Here, hydrogen production using an electrolytic RED is evaluated with a varying number of cell pairs (1 to 10) and with acidic, neutral and basic electrolytes at a fixed 10 mA/cm2. Under neutral conditions, the resulting voltage obtained from the RED cell decreased from 2.1± 0.1 V to 1.2±0.2 as the number of cell pairs increased from 1 to 10. In addition, the energy conversion efficiency of the system decreased due to the increase in mixing energy (ΔGmix.) from 130.6 J to 1203.2 J at higher cell pairs.

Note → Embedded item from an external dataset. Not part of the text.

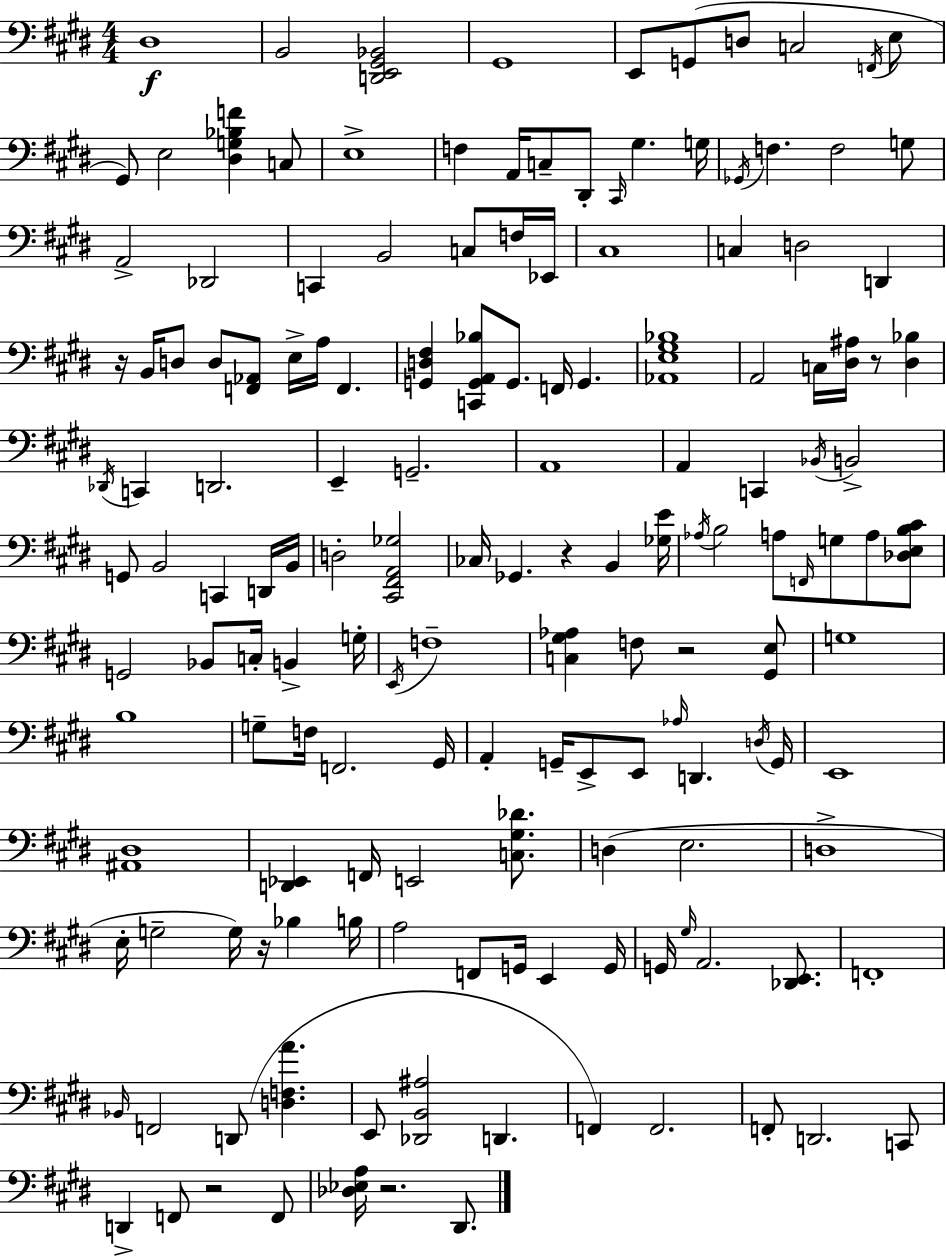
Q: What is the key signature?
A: E major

When the cell was operated with an acidic cathode and basic anode, the applied voltage and energy consumption decreased by 45% compared to neutral pH. In addition, the current density achieved was 4x greater at a voltage 1 cell pair. The hydrogen to electrical energy ratio increased from to 100% at 2 mA/cm2 when the number of cell pairs increased from 1 to 10 with neutral electrolytes. This ratio increased by 3x under acid-base electrolytes.

  1. Logan, B.E. and M. Elimelech. Nature, 2012. 488(7411): p. 313-319.
  2. Zhu, X., He, W., & Logan, B. E. (2015). Reducing pumping energy by using different flow rates of high and low concentration solutions in reverse electrodialysis cells. Journal of Membrane Science, 486, 215-221.
  3. Hatzell, M.C., I. Ivanov, R.D. Cusick, X. Zhu, and B.E. Logan. Physical Chemistry Chemical Physics, 2014. 16(4): p. 1632-1638.
  4. Nazemi, M., Zhang J., Hatzell M.C., “Harvesting Natural Salinity Gradient Energy for Hydrogen Production through Reverse Electrodialysis (RED) Power Generation”, J. Electrochem. En. Conv. Stor., 2017; DOI: 10.1115/1.4035835.
  5. Hatzell, M.C., X. Zhu, and B.E. Logan. ACS Sustainable Chemistry & Engineering, 2014. 2(9): p. 2211-2216.
  6. Nazemi, M., Padgett, J., and Hatzell, M.C. (2017). Acid/Base Multi‐Ion Exchange Membrane‐Based Electrolysis System for Water Splitting. Energy Technology.